Offer podcasts or webinars. Choose topics of interest to former employees. Bain & Company has treated alumni to webinars on topics ranging from organizational development to the automotive industry to communication skills.

Provide incentives to give back. Offer a bonus for a successful job referral. LinkedIn’s former employees are given higher-level accounts on the social media site, and they get to keep those if they are active in the LinkedIn network.

Treat employees well. Remember that none of this will work if the employee has a bad experience at your company.

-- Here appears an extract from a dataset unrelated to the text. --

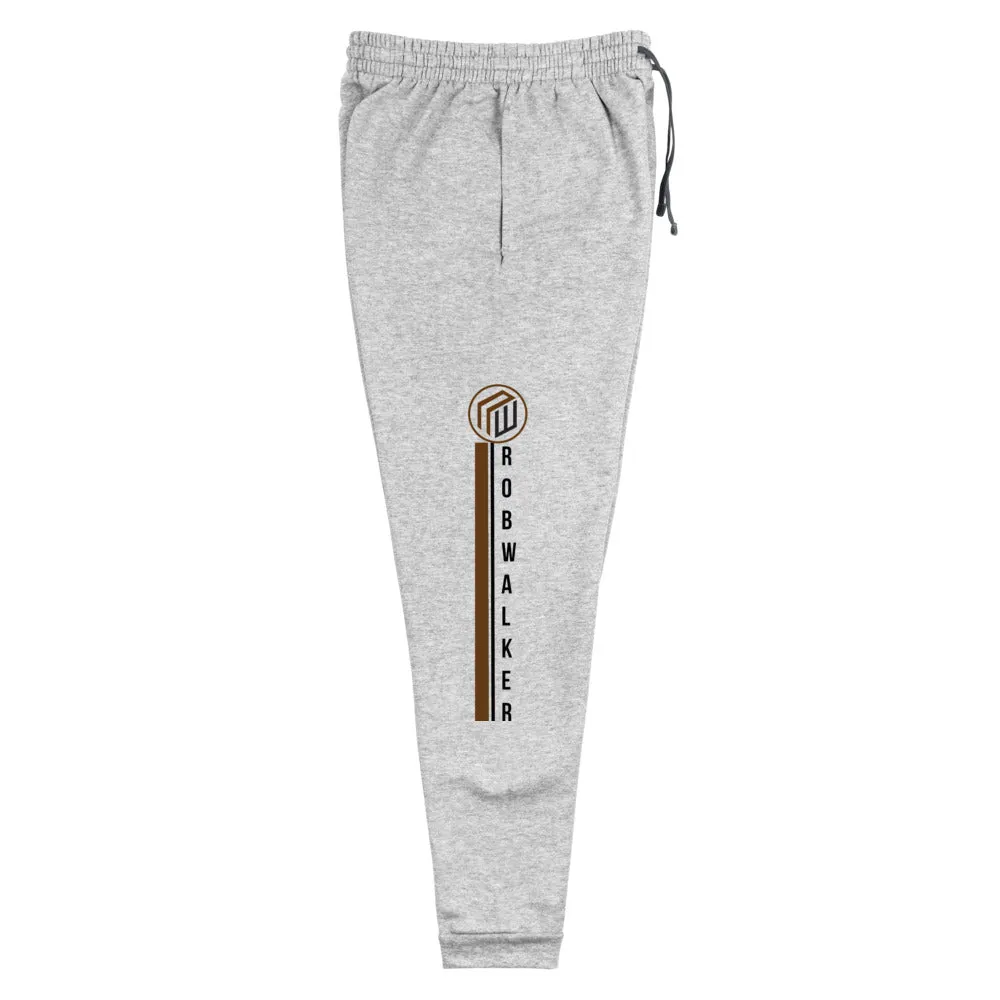 Branded Pinstripe logo Unisex Joggers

Former workers, too, draw benefits from participating in an alumni network, including:

Job help. David Twitchell, SHRM-SCP, vice president of HR at New Hampshire Catholic Charities, says his former boss at a health care operation helped him find work after he was downsized. Alumni may also benefit from a job bank; Cindy Jackson, former global director of career development and alumni relations at Bain & Company, implemented one at Bain that advertised not just positions in the company but also jobs at other firms.

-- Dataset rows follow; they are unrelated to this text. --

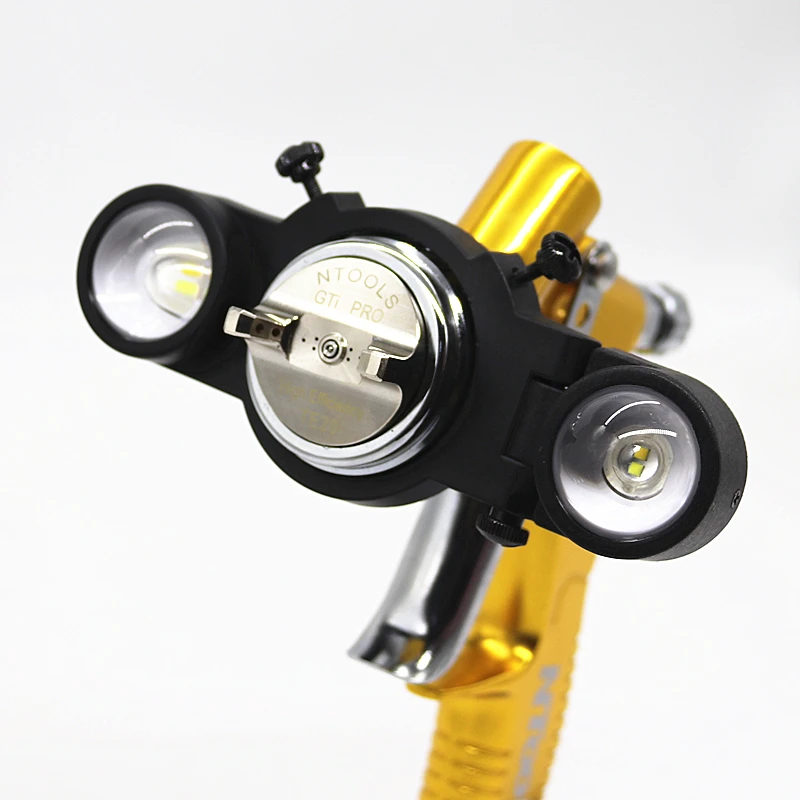 Spray Gun Light Airbrush Light Spray Paint Fill Light Universal Spray Gun Light Adjustable Size Lighting Searchlight Spray Gun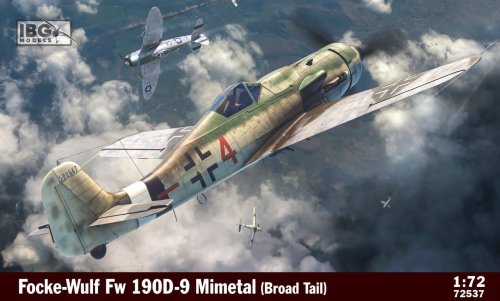 Go to product IBG 72537 - 1:72 Focke Wulf Fw 190D-9 Mimetall Broad Tail.
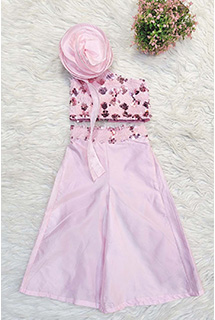 Baby Pink Indo-western Coord Set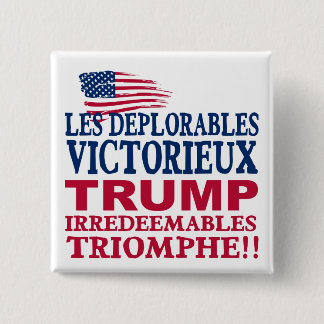切札のLes Deplorablesの勝利-切札のペニー2016年 缶バッジ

Jackson helped former employees with resume and career advice and still goes to Bain alumni get-togethers, although she now works as director of professional development at Foley Hoag, a Boston-based law firm.

Social interaction. George Boué, vice president of Stiles, a Fort Lauderdale, Fla.-based real estate company, still participates in a corporate alumni group from Nortel, a now-defunct telecommunications equipment manufacturer, 20 years after he first started working there. The group meets for happy hours. “There are people friendships,” Boué says, “but at the core, it’s [about] networking.”

These networks can help in people’s personal lives as well. Weiser, who participates in Deloitte’s alumni network, says if she was traveling to Australia, she wouldn’t hesitate to call a Deloitte receptionist there and ask for hotel recommendations. “They’re part of an extended network, part of a family that never, ever goes away,” she says.

Professional development. Keeping in touch through an alumni network means getting invites to company events and access to webcasts, which can help former workers keep apprised of what’s happening in their industry.

Who’s Doing It

BCG, which has 9,700 employees worldwide, has a motto: “Bleed BCG Green” (the company’s signature color). It’s a lifetime loyalty that is about mutual support and assistance, not necessarily direct employment, Tsusaka says. BCG has an alumni network that is 16,000 strong. Tsusaka calls members of the group “graduates” instead of ex-employees. Consulting by nature has always been fairly fluid, she acknowledges, and new employees understand they may stay just a few years and move on. Maintaining the alumni network serves the company well—many members end up being clients—and fills a need for connection among former employees, especially younger ones who are accustomed to staying in touch via social networking.

Employees might feel less inclined to keep in touch after they’ve been downsized, as many workers were during the Great Recession. But the offer of an alumni network can be welcome if the laid-off worker is treated with compassion and support. After Deloitte laid off 1,000 people in 2001, the company decided to help them deal with their shock and anger instead of just giving them pink slips, Weiser says. It provided career coaches to counsel people and help them find new jobs. And when Stiles let some people go in 2009, it encouraged them to keep in touch and wound up rehiring a lot of the same people further down the line, Boué says.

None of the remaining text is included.